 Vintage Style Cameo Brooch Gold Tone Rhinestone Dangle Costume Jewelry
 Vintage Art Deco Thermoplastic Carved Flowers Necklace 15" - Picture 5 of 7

==

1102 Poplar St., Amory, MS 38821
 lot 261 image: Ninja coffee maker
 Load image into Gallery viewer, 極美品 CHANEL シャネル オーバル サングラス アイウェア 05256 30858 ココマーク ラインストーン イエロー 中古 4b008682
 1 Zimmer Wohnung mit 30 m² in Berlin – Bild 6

● **PROBLEM TO SOLVE**: Every line above from the line with "lot 261 image: Ninja coffee maker" to the line with "1 Zimmer Wohnung", both included, must be reproduced exactly, and no other line may appear.

● **OUTPUT**:
 lot 261 image: Ninja coffee maker
 Load image into Gallery viewer, 極美品 CHANEL シャネル オーバル サングラス アイウェア 05256 30858 ココマーク ラインストーン イエロー 中古 4b008682
 1 Zimmer Wohnung mit 30 m² in Berlin – Bild 6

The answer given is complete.